The Bangladesh Bank extended a loan of Tk22,000 crore to seven banks grappling with liquidity challenges on December 28.
Acting as the “lender of last resort,” the central bank provided this financial support for three days, as disclosed by Bangladesh Bank Spokesperson Mezbaul Haque. This lending practice is routine, and banks can borrow funds through demand promissory notes and securities under the Bank Companies Act.
Notably, five of the seven banks are Islamic banks, and the other two are private scheduled banks. Industry experts suggest that such measures may be employed to present a more favorable financial outlook, but it also indicates challenges in maintaining sufficient usable bills and bonds required for traditional borrowing. The banks in question, facing a prolonged deficit in their current accounts, have resorted to borrowing with demand promissory notes, pledging to return the funds in any feasible manner.
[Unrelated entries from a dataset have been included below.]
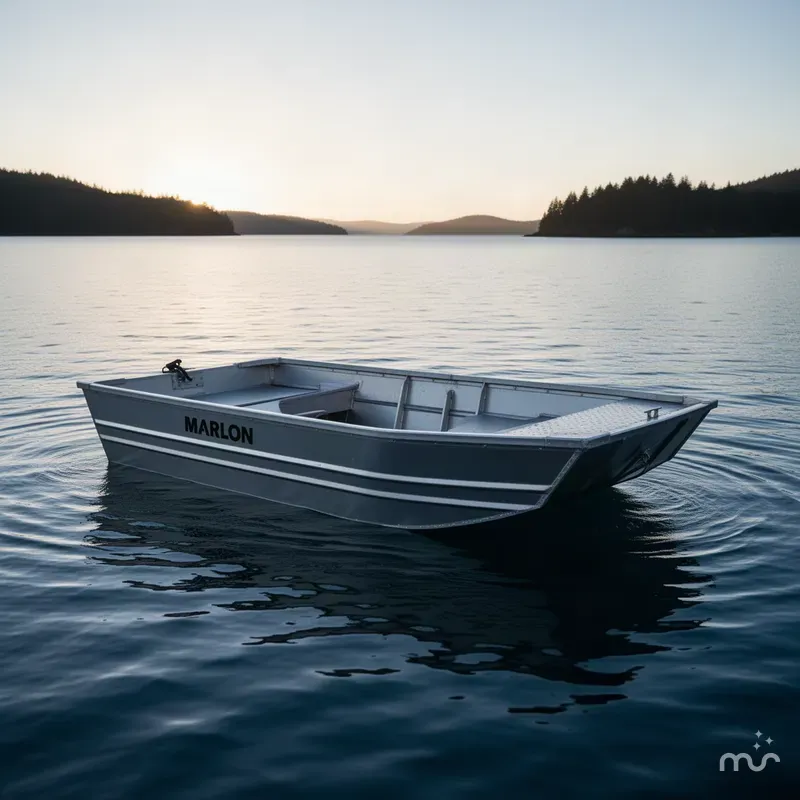 The Image of Marlon SP1049 Jon Boat 2025 - 0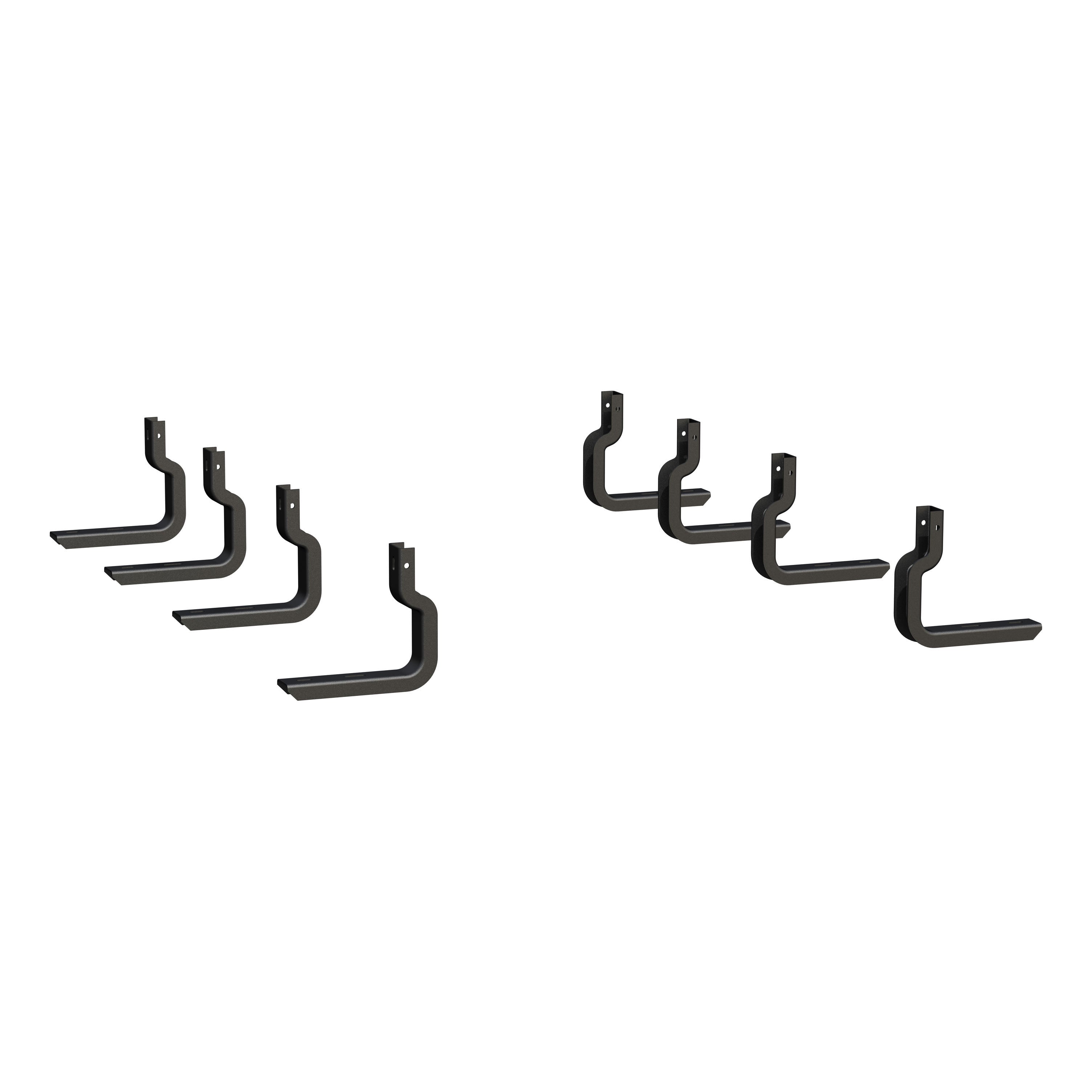 LUVERNE Bracket Kit, 2009-2014 Ford F-150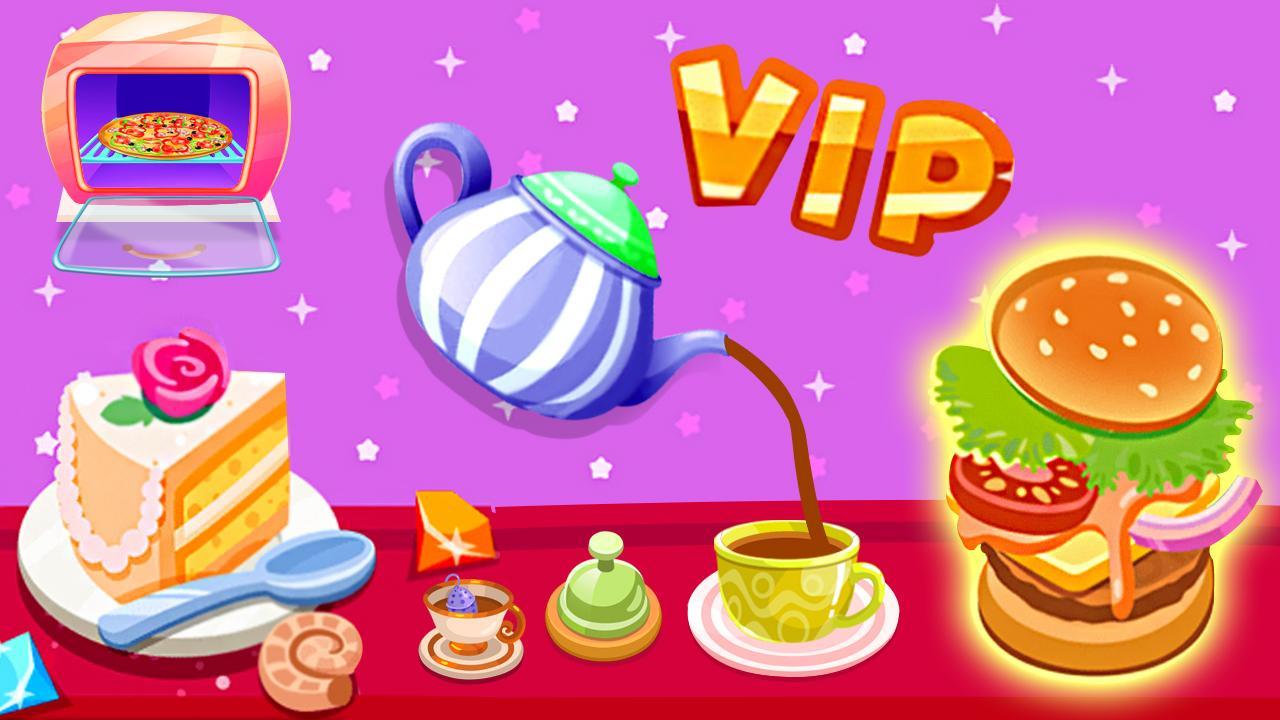 Cakemaker Girls Bakery Games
The central bank’s temporary assistance will reflect positively on the banks’ year-end balance sheets, but challenges are anticipated in meeting cash reserve ratio (CRR) and statutory liquidity ratio (SLR) requirements in the following year, potentially leading to fines. As per Bangladesh Bank’s policy, banks must deposit a portion of their total current and term deposits with the central bank to safeguard depositors, with the rate set at 17% for conventional banks and 9.5% for Shariah-based banks, and penalties are imposed for any shortfalls.